The Essex Alliance Football League is an English football league for clubs based in Essex and north-eastern Greater London. The league has six divisions (Senior, Premier, Divisions One, Two, Three and Four), of which the Senior Division sits at 11th level in the English football league system, formerly Step 7 in the National League System, following the Football Association's approval to become a Regional NLS Feeder League (Step 7) from season 2021–22 onwards. Teams that finish in the top five of the league can apply for promotion to the Division One South of the Eastern Counties Football League (Step 6), subject to their facilities meeting criteria and other conditions.

History
The league was founded in 2014 through the merging of the Ilford and District and the Essex Business House football leagues, which both shared a common aim to support and promote local grassroots football in Essex and East London while bridging the gap with other neighbouring leagues in the region. The league permits member clubs to play on grounds in the boroughs of Havering, Barking & Dagenham, Redbridge, Newham, Waltham Forest, Harlow and Epping Forest.

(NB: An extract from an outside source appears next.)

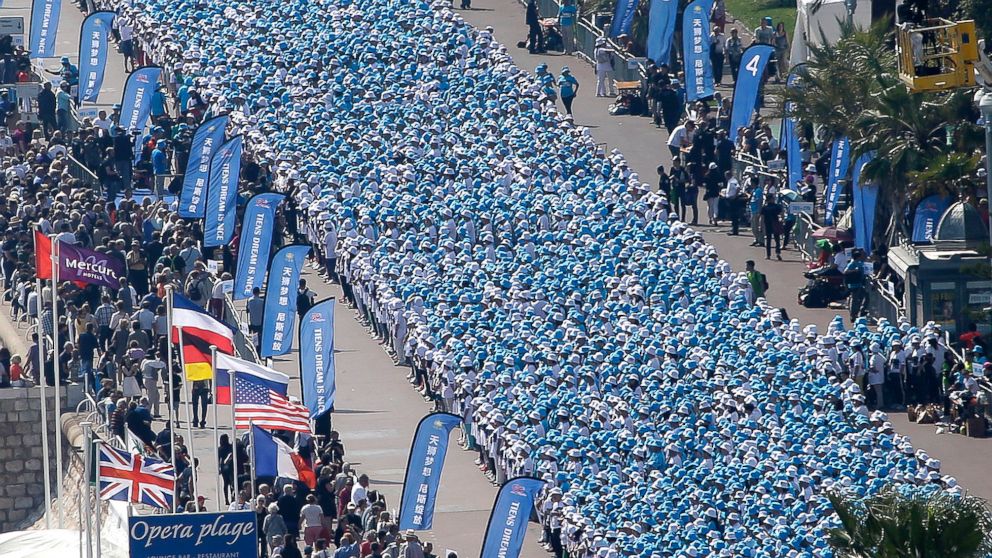 PHOTO: Employees of the TIENS Group attend a parade organized by CEO Li Jinyuan as part of a four-day celebration weekend for the 20th anniversary of his company, on the Promenade des Anglais, Nice, France, May 8, 2015.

The league currently has a membership of 76 teams, many of whom were existing members of the aforementioned leagues and were joined by many new clubs as the league seeks to buck the trend of the local Saturday football scene which had been diminishing in numbers over the past few years.

In 2022, history was made in the league as the first direct promotion to senior football was confirmed with DT FC, champions of the Senior Division, successfully promoted to Step 6 within the Eastern Counties Football League Division One South.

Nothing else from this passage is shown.